Hillel responds, “Leave Israel alone! If they are not prophets, they are the sons of prophets”. The people found other ways to transport the knives – sticking it in the wool of the Paschal lamb, for example, which reminded Hillel that, indeed, that is the ruling on the matter.

Granted, this story has Halakhic implications, but it should be read as aggadah, with a literary narrative structure. As I’ve mentioned previously, the lines between Halakha and Aggadah are not sharply drawn. In this instance, the same story appears in the Tosefta (Pesachim 4:1), Bavli (Pesachim 66a), and Yerushalmi (39a/6:1). Each version has slight variations, and there’s a wealth of scholarly material on this (for example, here – see especially the comparison chart at the end). My point is only that there is license to treat this story aggadically.

In both Talmuds, Hillel suggests that the collective intuition of Israel is prophetic in nature. Many have tried to minimize the implications of this idea, whose unfettered ramifications, especially in our times, would spell the end of Halakha as we know it. I’d like to suggest that those limitations are part and parcel of the narrative itself.
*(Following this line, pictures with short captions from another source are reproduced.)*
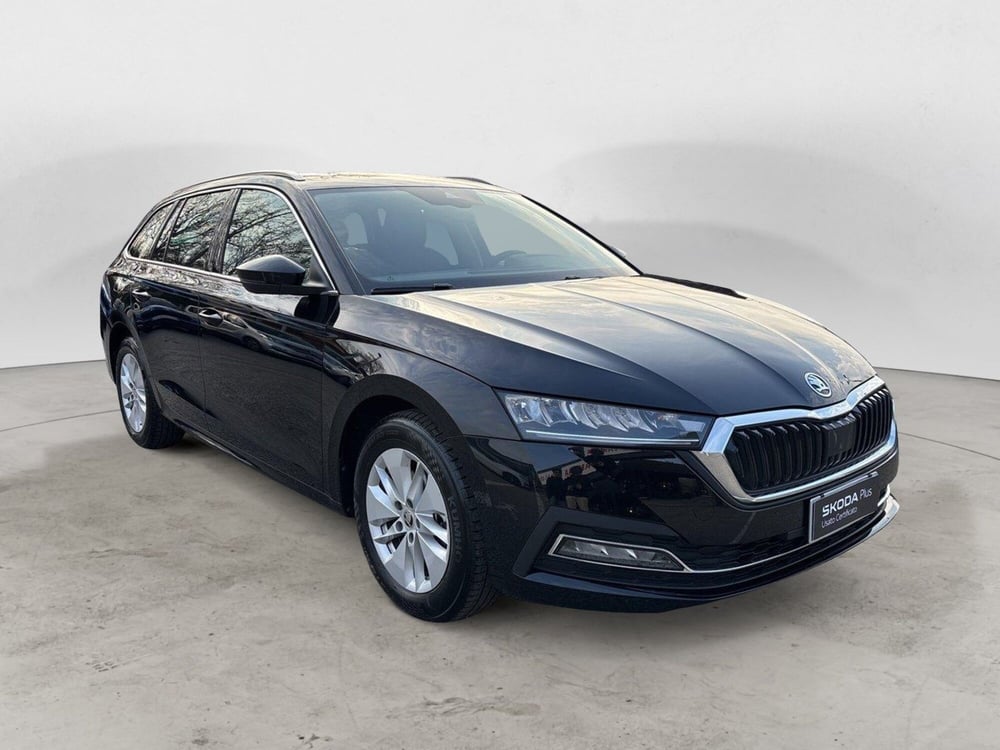 Skoda Octavia Station Wagon usata a Modena (3)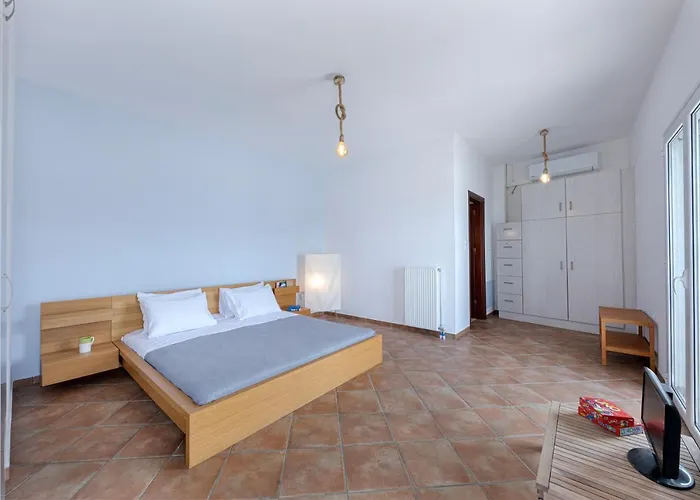 Lejlighed Lotos House - Unique Seaview *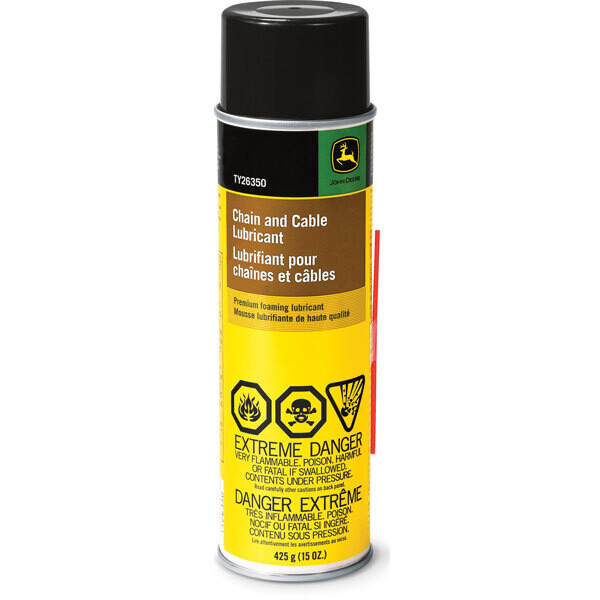 Lubricante en spray para cadenas y cables 425 g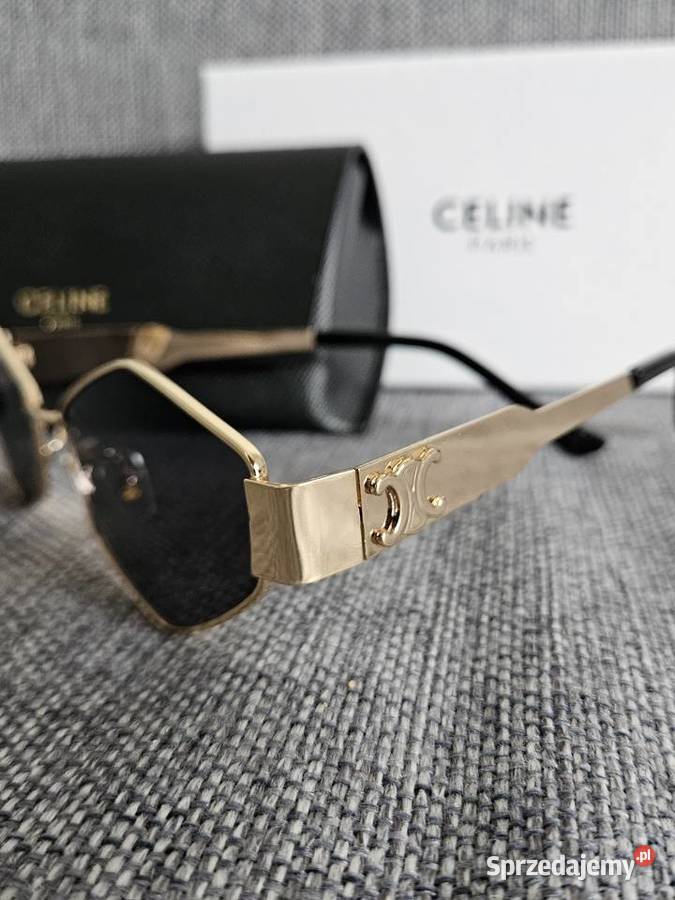 Okulary Przeciwsłoneczne Celine HIT Warszawa sprzedam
The population that Hillel instructs us to ‘leave alone’ consists of those who are bringing the Paschal sacrifice. As I mentioned in the last post, the Pesach is the vehicle through which our identity as Israel is constructed, and by which we transmit that identity to the next generation. Those who participate in this process, who have rooted their very identities in the ever-unfolding holy history of Israel, have gained a spark of that prophetic intuition, and can contribute to the further unfolding of that history. Those whose roots are anchored in foreign soil lack this prophetic instinct, much as true prophecy could not be attained outside of the Land of Israel.